By Mick Krever, CNN
Any “real peace” between Israeli and Palestinians will remain out of reach until both sides truly acknowledge each other’s tragedy, Israeli columnist and author Ari Shavit told CNN’s Hala Gorani, sitting in for Christiane Amanpour, on Wednesday.
“The heart of this conflict is really mutual blindness.”
The Israelis are blind to the fact that there are a Palestinian people, he said, and the Palestinians blind to the Israelis, and their right to a Jewish state “in the ancient homeland of the Jews.”
That despite, he said, the “amazing” work U.S. Secretary of State John Kerry has done trying to bring reconciliation.

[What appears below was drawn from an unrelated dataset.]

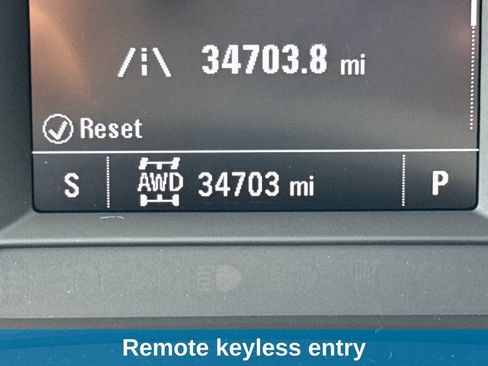 Used 2022 Chevrolet TrailBlazer LT AWD/4WD image 15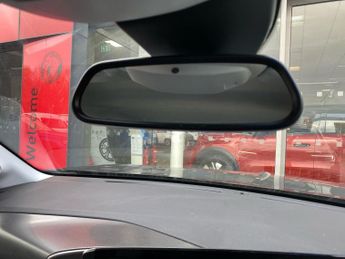 VAUXHALL MOKKA 50Kwh Elite Premium Suv 5Dr Electric Auto (136 Ps)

Shavit has just written a new book, “My Promised Land: The Triumph and Tragedy of Israel.”
U.S. Secretary of State John Kerry has launched the largest American effort in years to bring peace to the region, having just wrapped up his 10th visit in pursuit of that goal.
“One has to recognize the fact that Secretary Kerry with unique ingenuity and pressure and commitment has surprised us all,” Shavit said.
The Secretary’s goal, Shavit surmised, is not a final peace agreement, but rather a framework for future negotiations.
He is trying, he said, to build “a kind of triangle,” in which the Israelis accept the 1967 borders, the Palestinians accept the existence of a Jewish state, and Jerusalem is shared in some way.
“No sides will totally accept the formula. But if they do not reject it totally, then he will have some sort of achievement.”
But the “ultimate emotional breakthrough,” he said, will not come until the Israeli prime minster goes to Ramallah, and the Palestinian leader goes to the Knesset, to acknowledge each other’s tragedy and pain.
“This I'm afraid we will not see, because both leaders are not built – we do not have a Nelson Mandela right now; we don't have an Anwar Sadat.”
That is not to say that it is as asymmetric a conflict as it is often portrayed, he posited.
“Contrary to the common belief, I believe the Palestinians have enormous power: The Palestinians have the key to Israel's legitimacy in the region and in the international community.”
“One of the reasons that Prime Minister Netanyahu is deep in this process is that Israelis are afraid to lose their legitimacy, both regionally and worldwide.”
Shavit is not afraid to defend Israeli’s existence to the end; he calls the country a “manmade miracle” that was “created against all odds.”
And while he opposes “occupation” and “settlements,” he says “the conflict is not only about the occupation and settlements.”
“I ask my Palestinian counterpart to see that while I acknowledge their tragedy – the fact that they went through terrible pain and many of them lost their homes and experienced a terrible tragedy – I say to them, I ask them, in a sense, to move on.”
“A tragedy is there; but we do not have to accept it and become slaves to it.”